Fitness functions can also identify evaluation results that provide additional user input paths. For example if the fuzzer logs a call to open(2) during evaluation that returns ENOENT, the Fitness function would append this to the working corpus and subsequent iterations of the control loop would try to supply the filename specified in the open(2) call. execve(2) calls that return ENOENT can be examined to determine if the filename argument contains components specified by the test case. Such a mechanism could also be used, and has by the author, to identify command execution vulnerabilities. This can be further filtered by altering the suspected test case components and examining the Evaluate resultant to see if the contents of the filename argument changed as well.

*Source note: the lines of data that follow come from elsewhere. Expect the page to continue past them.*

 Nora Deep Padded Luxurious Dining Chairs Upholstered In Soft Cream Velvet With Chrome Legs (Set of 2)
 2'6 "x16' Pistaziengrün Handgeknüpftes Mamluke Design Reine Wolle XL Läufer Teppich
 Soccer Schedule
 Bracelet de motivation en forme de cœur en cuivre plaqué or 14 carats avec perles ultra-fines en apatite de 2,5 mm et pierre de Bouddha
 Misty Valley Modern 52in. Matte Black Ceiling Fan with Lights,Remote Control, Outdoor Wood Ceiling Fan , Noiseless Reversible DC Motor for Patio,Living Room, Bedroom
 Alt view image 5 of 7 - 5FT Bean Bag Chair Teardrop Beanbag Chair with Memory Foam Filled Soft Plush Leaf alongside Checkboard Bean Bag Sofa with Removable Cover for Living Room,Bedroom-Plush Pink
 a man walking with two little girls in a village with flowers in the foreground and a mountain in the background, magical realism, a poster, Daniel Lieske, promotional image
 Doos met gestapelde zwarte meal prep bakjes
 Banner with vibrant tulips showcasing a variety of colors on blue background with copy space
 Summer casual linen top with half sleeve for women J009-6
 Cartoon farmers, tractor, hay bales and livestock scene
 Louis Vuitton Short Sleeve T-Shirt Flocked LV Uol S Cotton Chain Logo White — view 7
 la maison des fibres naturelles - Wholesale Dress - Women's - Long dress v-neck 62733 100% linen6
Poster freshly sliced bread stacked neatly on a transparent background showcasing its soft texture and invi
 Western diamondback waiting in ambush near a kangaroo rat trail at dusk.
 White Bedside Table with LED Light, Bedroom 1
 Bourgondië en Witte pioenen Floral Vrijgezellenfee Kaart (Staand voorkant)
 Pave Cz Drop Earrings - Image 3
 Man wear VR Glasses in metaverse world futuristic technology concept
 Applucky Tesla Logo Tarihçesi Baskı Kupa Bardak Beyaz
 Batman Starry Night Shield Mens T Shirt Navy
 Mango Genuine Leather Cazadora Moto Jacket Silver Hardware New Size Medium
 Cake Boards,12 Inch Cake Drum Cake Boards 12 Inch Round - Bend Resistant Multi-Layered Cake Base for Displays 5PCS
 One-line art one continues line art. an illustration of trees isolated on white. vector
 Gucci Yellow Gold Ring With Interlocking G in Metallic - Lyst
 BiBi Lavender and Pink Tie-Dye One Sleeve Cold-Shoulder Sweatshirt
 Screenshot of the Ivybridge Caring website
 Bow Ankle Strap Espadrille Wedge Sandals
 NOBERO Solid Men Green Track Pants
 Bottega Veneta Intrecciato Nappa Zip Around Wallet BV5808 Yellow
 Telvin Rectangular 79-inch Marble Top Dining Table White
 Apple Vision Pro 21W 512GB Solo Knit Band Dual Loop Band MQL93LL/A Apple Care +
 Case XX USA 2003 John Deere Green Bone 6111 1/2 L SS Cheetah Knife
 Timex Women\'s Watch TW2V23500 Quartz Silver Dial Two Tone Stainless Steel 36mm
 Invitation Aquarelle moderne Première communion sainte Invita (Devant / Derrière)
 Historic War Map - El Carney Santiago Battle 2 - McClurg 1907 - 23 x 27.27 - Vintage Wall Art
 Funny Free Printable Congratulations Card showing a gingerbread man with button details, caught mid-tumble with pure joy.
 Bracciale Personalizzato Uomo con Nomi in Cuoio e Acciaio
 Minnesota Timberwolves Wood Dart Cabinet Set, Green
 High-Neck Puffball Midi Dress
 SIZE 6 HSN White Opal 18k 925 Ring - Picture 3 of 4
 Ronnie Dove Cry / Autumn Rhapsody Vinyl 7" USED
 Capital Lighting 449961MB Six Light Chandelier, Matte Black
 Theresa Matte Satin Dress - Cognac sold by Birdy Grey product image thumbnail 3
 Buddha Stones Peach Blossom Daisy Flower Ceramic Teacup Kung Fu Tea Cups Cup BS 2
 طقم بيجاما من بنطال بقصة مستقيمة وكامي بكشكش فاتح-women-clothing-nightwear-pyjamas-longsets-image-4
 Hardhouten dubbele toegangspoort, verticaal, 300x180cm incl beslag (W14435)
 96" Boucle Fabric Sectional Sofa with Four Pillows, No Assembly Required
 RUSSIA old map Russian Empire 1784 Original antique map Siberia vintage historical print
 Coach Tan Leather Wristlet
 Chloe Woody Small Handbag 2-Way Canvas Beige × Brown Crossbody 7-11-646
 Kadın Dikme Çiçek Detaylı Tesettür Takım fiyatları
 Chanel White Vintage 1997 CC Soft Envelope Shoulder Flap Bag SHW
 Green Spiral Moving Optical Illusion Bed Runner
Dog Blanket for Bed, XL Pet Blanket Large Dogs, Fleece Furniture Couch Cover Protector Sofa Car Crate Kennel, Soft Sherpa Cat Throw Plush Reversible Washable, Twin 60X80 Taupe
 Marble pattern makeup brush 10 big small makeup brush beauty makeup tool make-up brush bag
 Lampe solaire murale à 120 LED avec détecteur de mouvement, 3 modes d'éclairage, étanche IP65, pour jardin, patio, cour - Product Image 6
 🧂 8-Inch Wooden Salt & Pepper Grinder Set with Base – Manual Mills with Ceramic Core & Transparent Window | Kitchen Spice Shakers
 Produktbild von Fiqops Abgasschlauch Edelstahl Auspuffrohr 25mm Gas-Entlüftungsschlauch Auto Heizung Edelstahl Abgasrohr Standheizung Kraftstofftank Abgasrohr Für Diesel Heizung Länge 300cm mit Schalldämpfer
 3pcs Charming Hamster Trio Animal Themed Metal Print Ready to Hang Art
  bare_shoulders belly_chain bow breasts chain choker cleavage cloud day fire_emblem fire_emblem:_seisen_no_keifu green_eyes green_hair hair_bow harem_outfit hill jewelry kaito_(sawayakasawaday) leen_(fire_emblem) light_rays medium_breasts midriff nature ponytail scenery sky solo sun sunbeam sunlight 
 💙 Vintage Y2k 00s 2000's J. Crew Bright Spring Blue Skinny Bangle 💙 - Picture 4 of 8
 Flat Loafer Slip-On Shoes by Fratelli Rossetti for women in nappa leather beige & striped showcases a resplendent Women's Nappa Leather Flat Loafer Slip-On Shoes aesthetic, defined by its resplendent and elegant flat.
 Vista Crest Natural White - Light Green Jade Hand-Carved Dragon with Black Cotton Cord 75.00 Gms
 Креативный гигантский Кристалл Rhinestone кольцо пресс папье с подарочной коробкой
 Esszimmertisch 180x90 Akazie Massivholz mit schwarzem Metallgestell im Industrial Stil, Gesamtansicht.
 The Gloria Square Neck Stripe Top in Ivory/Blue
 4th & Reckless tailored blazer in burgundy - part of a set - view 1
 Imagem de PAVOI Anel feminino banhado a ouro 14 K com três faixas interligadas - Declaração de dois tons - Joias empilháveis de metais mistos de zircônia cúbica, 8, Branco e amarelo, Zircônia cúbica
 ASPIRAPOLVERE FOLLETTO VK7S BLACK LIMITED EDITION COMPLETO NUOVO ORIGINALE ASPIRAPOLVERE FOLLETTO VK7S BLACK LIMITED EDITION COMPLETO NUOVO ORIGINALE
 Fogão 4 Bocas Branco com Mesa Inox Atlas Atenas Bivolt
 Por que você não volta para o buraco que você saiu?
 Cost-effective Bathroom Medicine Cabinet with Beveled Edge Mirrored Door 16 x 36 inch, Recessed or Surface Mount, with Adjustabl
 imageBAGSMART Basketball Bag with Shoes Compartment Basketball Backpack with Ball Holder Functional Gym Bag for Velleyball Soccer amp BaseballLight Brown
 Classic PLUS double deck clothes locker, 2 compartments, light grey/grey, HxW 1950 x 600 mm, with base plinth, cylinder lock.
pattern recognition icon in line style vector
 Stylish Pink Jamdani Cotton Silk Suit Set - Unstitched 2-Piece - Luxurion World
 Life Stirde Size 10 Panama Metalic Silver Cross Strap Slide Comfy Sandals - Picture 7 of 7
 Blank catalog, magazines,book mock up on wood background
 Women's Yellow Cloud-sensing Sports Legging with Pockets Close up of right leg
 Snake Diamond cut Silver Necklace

At the start of this article we listed some of the reasons that people fuzz today and we laid out a framework for discussing the minimal components of a fuzzer. This framework defines an Initialization step as well as a Control Loop that repeatedly iterates over the Generate Input, Evaluate, and Fitness steps. Through discussing how each of the steps can and typically are implemented, we saw how over time fuzzing frameworks and their components have become more robust while finding issues faster. In doing so, we were able to show that many of the improvements come from the understanding of other fields and that likely new ones will as well. Finally, we hope this was a pleasant and informative read.